BEGIN DATA EXTRACTS
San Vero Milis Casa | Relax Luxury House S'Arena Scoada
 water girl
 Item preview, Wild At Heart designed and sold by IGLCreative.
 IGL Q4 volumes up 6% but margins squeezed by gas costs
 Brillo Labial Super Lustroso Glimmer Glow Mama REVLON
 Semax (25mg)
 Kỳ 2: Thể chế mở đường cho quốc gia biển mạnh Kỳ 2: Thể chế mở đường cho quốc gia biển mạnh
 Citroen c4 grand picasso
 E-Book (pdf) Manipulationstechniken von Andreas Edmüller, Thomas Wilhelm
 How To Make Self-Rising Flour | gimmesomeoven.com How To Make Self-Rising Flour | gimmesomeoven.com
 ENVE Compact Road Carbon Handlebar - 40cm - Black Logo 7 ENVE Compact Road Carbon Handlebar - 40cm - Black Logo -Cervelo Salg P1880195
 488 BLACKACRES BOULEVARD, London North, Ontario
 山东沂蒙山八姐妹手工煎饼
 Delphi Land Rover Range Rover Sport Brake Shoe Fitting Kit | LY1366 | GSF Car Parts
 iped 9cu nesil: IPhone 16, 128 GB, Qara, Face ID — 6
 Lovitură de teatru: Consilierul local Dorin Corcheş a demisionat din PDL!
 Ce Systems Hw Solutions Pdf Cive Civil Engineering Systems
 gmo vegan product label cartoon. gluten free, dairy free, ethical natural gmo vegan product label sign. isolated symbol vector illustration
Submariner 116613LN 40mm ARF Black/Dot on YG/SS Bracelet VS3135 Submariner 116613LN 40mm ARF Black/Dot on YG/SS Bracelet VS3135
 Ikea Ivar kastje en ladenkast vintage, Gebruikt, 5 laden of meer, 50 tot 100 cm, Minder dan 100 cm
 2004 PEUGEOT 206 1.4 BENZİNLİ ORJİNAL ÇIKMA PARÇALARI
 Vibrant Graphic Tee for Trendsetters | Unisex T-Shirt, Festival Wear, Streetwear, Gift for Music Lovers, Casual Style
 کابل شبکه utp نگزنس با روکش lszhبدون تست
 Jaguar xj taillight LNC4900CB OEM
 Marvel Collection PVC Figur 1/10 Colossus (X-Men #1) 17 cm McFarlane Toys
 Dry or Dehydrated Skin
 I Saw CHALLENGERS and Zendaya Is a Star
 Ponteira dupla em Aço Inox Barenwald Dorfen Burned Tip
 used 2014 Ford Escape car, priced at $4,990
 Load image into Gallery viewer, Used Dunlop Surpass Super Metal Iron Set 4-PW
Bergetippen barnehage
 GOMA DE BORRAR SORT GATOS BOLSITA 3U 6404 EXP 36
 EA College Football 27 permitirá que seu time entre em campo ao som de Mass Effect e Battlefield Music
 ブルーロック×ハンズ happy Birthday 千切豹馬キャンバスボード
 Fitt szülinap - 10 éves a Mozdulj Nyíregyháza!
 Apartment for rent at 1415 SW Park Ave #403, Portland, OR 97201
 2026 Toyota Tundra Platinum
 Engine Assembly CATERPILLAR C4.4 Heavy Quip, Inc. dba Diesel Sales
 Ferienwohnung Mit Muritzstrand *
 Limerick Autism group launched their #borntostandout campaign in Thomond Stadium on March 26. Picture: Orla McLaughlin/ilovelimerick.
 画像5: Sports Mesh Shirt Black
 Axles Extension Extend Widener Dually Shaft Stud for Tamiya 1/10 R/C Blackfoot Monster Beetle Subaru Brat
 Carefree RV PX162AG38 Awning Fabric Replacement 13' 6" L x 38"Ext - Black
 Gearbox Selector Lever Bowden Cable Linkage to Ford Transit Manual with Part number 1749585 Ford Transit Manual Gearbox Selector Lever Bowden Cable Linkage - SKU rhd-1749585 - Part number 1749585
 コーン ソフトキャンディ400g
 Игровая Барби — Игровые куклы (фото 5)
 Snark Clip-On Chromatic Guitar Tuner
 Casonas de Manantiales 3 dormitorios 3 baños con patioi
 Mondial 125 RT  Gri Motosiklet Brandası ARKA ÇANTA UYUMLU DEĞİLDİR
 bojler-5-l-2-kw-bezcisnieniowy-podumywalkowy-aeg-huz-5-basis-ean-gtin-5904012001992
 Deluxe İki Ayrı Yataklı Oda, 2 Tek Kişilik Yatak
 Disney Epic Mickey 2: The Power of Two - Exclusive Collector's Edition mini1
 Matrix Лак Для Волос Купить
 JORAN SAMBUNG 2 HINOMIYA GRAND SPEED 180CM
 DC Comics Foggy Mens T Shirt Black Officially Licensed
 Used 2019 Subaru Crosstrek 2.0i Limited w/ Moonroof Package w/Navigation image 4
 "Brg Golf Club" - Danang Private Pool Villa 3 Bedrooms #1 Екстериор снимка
END DATA EXTRACTS
Nothing should appear in the answer except the lines above from the line with "Brillo Labial Super" through the line with "Bracelet VS3135 Submariner", both included, written out exactly.

[YOUR SOLUTION]
 Brillo Labial Super Lustroso Glimmer Glow Mama REVLON
 Semax (25mg)
 Kỳ 2: Thể chế mở đường cho quốc gia biển mạnh Kỳ 2: Thể chế mở đường cho quốc gia biển mạnh
 Citroen c4 grand picasso
 E-Book (pdf) Manipulationstechniken von Andreas Edmüller, Thomas Wilhelm
 How To Make Self-Rising Flour | gimmesomeoven.com How To Make Self-Rising Flour | gimmesomeoven.com
 ENVE Compact Road Carbon Handlebar - 40cm - Black Logo 7 ENVE Compact Road Carbon Handlebar - 40cm - Black Logo -Cervelo Salg P1880195
 488 BLACKACRES BOULEVARD, London North, Ontario
 山东沂蒙山八姐妹手工煎饼
 Delphi Land Rover Range Rover Sport Brake Shoe Fitting Kit | LY1366 | GSF Car Parts
 iped 9cu nesil: IPhone 16, 128 GB, Qara, Face ID — 6
 Lovitură de teatru: Consilierul local Dorin Corcheş a demisionat din PDL!
 Ce Systems Hw Solutions Pdf Cive Civil Engineering Systems
 gmo vegan product label cartoon. gluten free, dairy free, ethical natural gmo vegan product label sign. isolated symbol vector illustration
Submariner 116613LN 40mm ARF Black/Dot on YG/SS Bracelet VS3135 Submariner 116613LN 40mm ARF Black/Dot on YG/SS Bracelet VS3135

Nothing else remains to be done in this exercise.